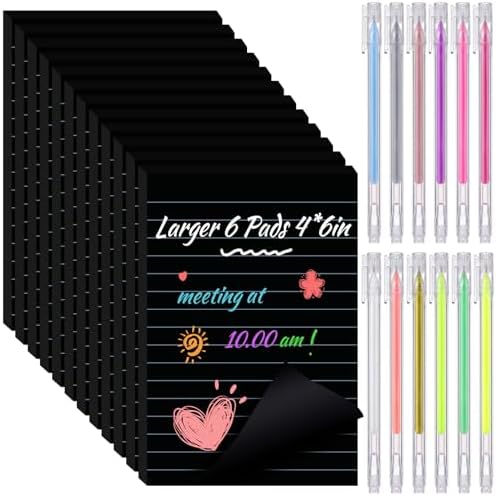 Yinder 24 Pcs Black Sticky Notes 4 x 6 Inch with Metallic Marker Pens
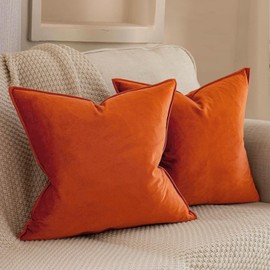 VAKADO Cushion Covers Velvet Decorative Autumn Pillow Covers With Fringe Decor Soft Square Cozy Solid Color Cushion Cases Home for Bed Bedroom Couch Car Sofa Set of 2 Burnt Orange,45x45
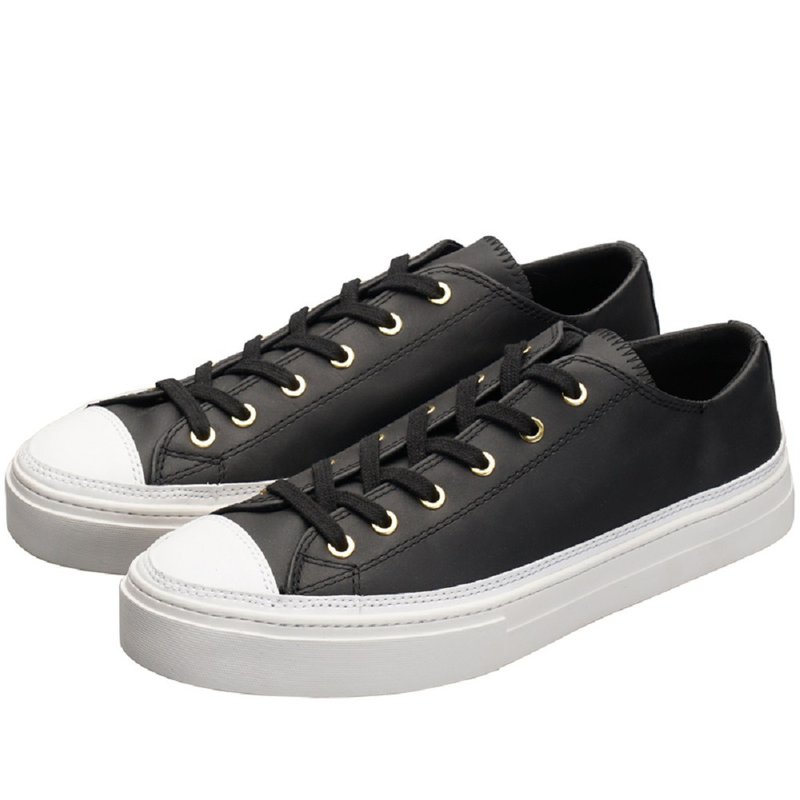 Retro black calfskin low top casual shoes for men and women - Men's Casual Shoes - Polyester Black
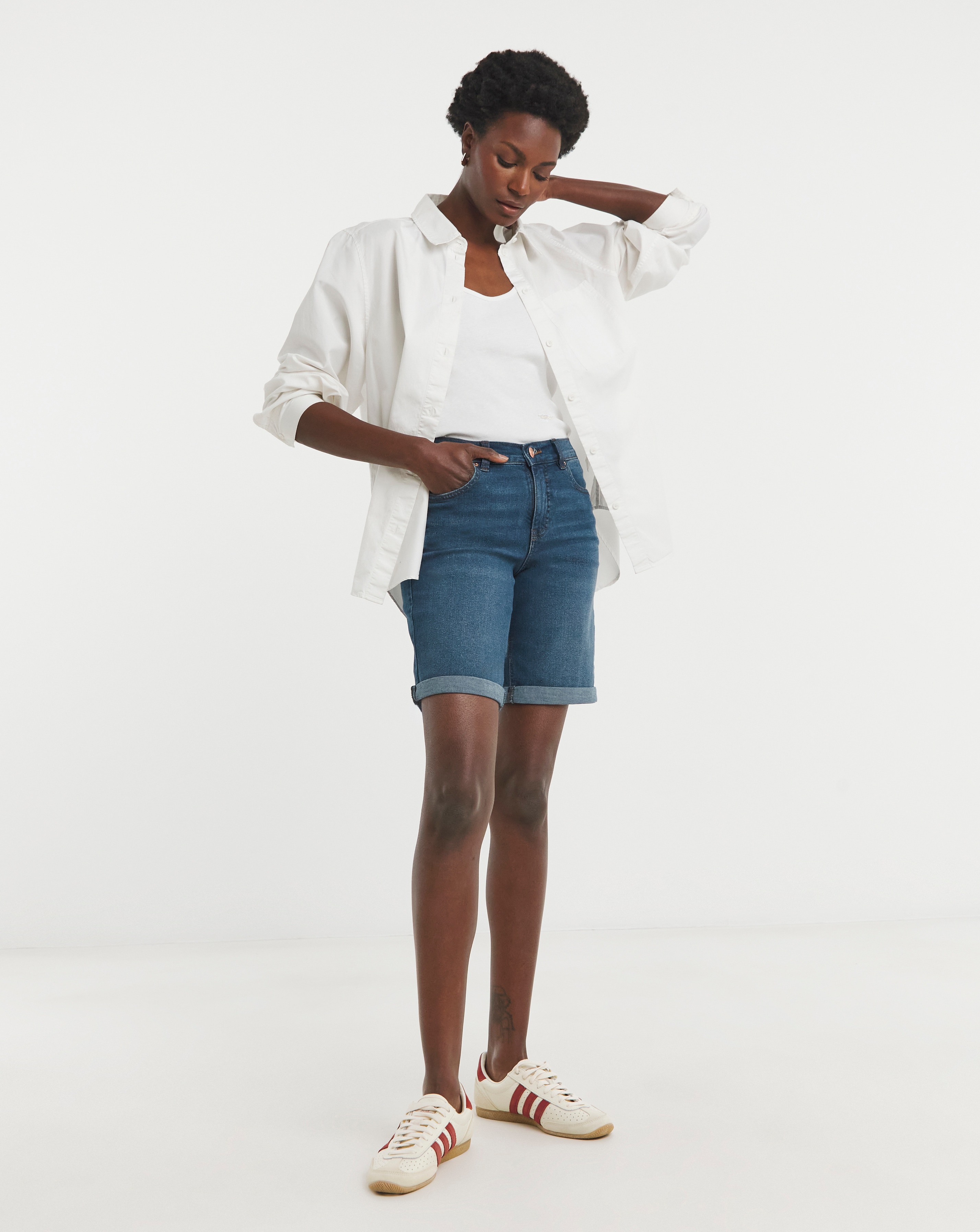 Mid Blue 24/7 Knee Denim Shorts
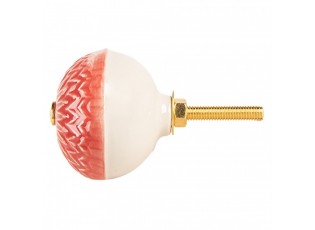 Červená keramická knopka s ornamenty - Ø 4*3 cm / S3 cm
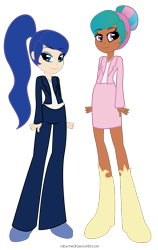 Size: 636x1006 | Tagged: safe, artist:robynne, character:princess celestia, character:princess luna, my little pony:equestria girls, humanized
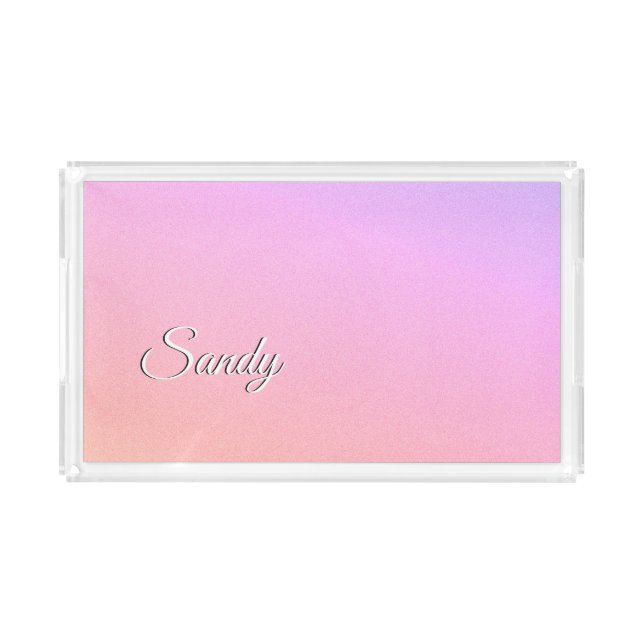 Pink Pastel Ombre Personalized Acrylic Vanity Tray (Front)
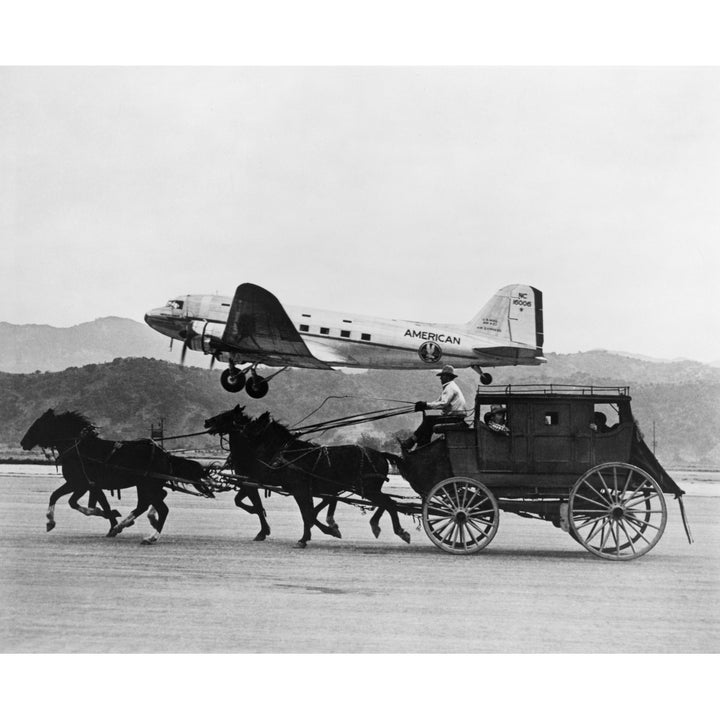 American Airlines Dc-3 Flying Past Horse Drawn Stagecoach. The Photo Was Featured In An American Airlines Magazine Image 1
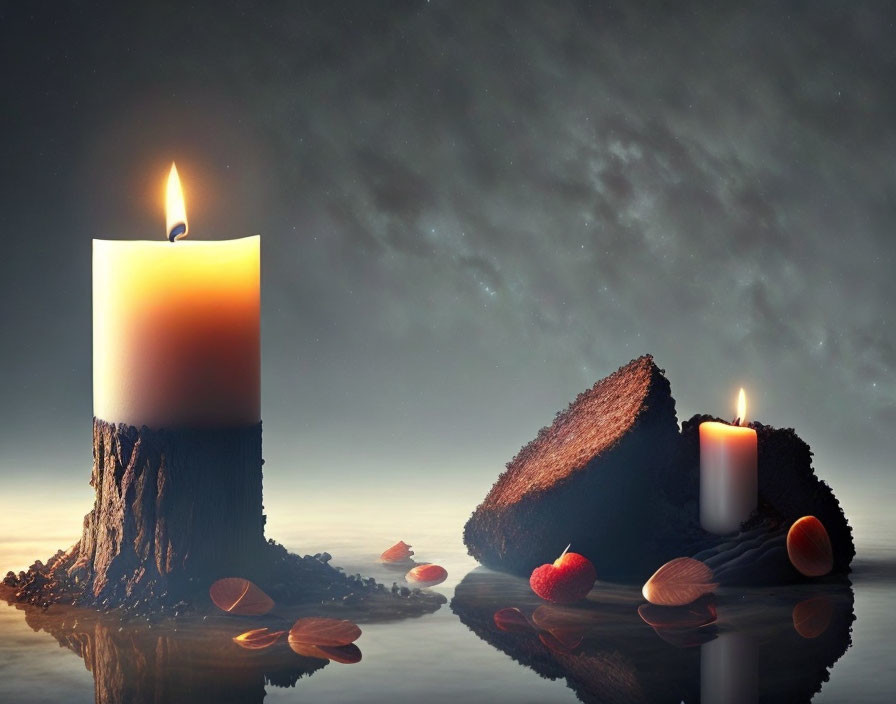 Candlelit Tree Stump and Log with Almonds and Berries at Twilight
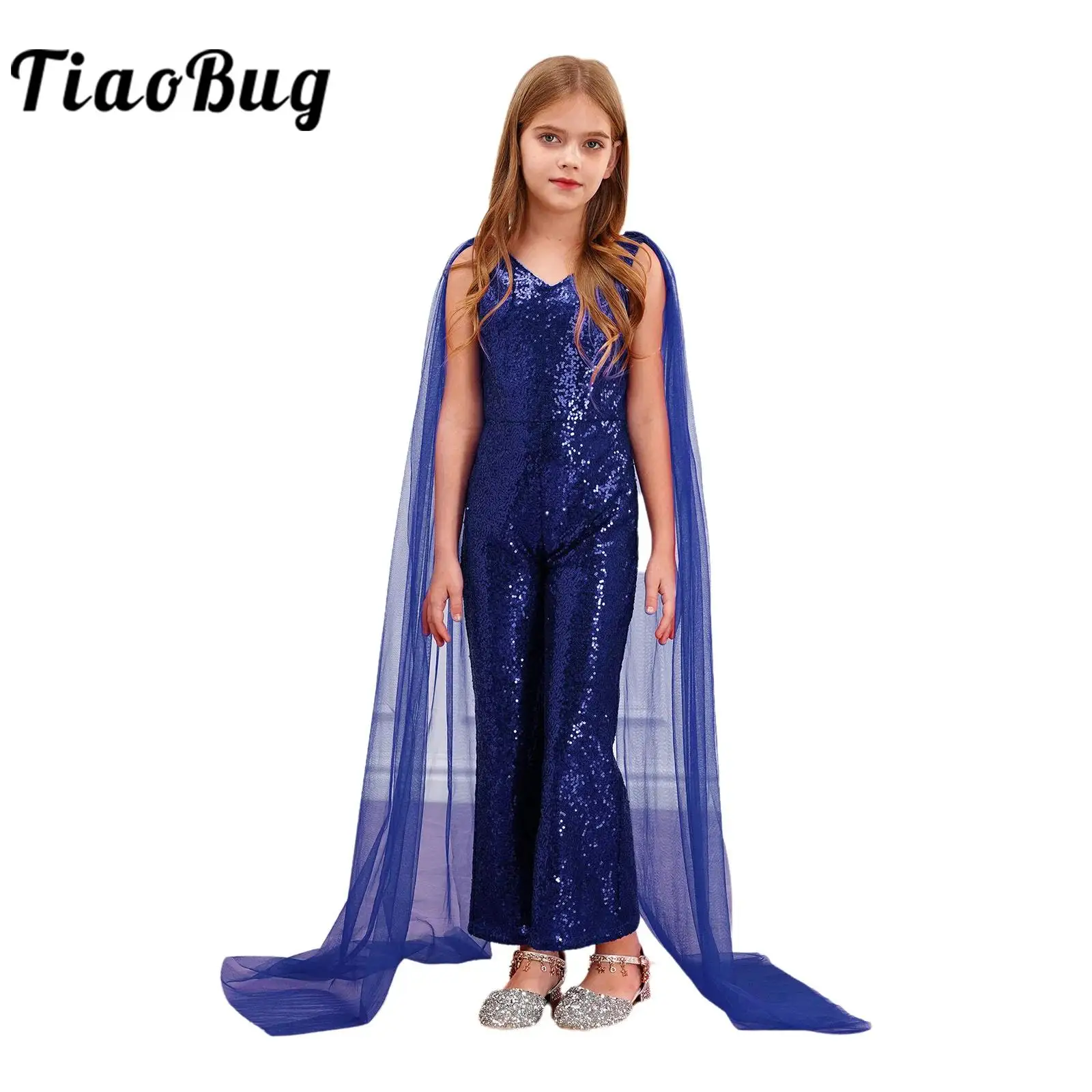 Kids Girls Sparkly Sequined Birthday Party Gown Elegant Cape Sleeve Ceremony Pageant Evening Vestidos Performance Costumes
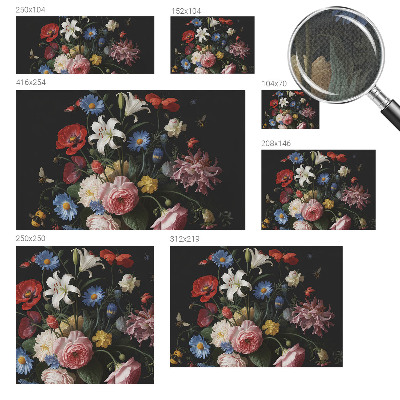 Papel de parede autocolante Flores com insetos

===============

= Work instruction =
Would you return the material above exactly, apart from its pictures?

= Written solution =
 Yinder 24 Pcs Black Sticky Notes 4 x 6 Inch with Metallic Marker Pens
 VAKADO Cushion Covers Velvet Decorative Autumn Pillow Covers With Fringe Decor Soft Square Cozy Solid Color Cushion Cases Home for Bed Bedroom Couch Car Sofa Set of 2 Burnt Orange,45x45
 Retro black calfskin low top casual shoes for men and women - Men's Casual Shoes - Polyester Black
 Mid Blue 24/7 Knee Denim Shorts
 Červená keramická knopka s ornamenty - Ø 4*3 cm / S3 cm
 Size: 636x1006 | Tagged: safe, artist:robynne, character:princess celestia, character:princess luna, my little pony:equestria girls, humanized
 Pink Pastel Ombre Personalized Acrylic Vanity Tray (Front)
 American Airlines Dc-3 Flying Past Horse Drawn Stagecoach. The Photo Was Featured In An American Airlines Magazine Image 1
 Candlelit Tree Stump and Log with Almonds and Berries at Twilight
 Kids Girls Sparkly Sequined Birthday Party Gown Elegant Cape Sleeve Ceremony Pageant Evening Vestidos Performance Costumes
 Papel de parede autocolante Flores com insetos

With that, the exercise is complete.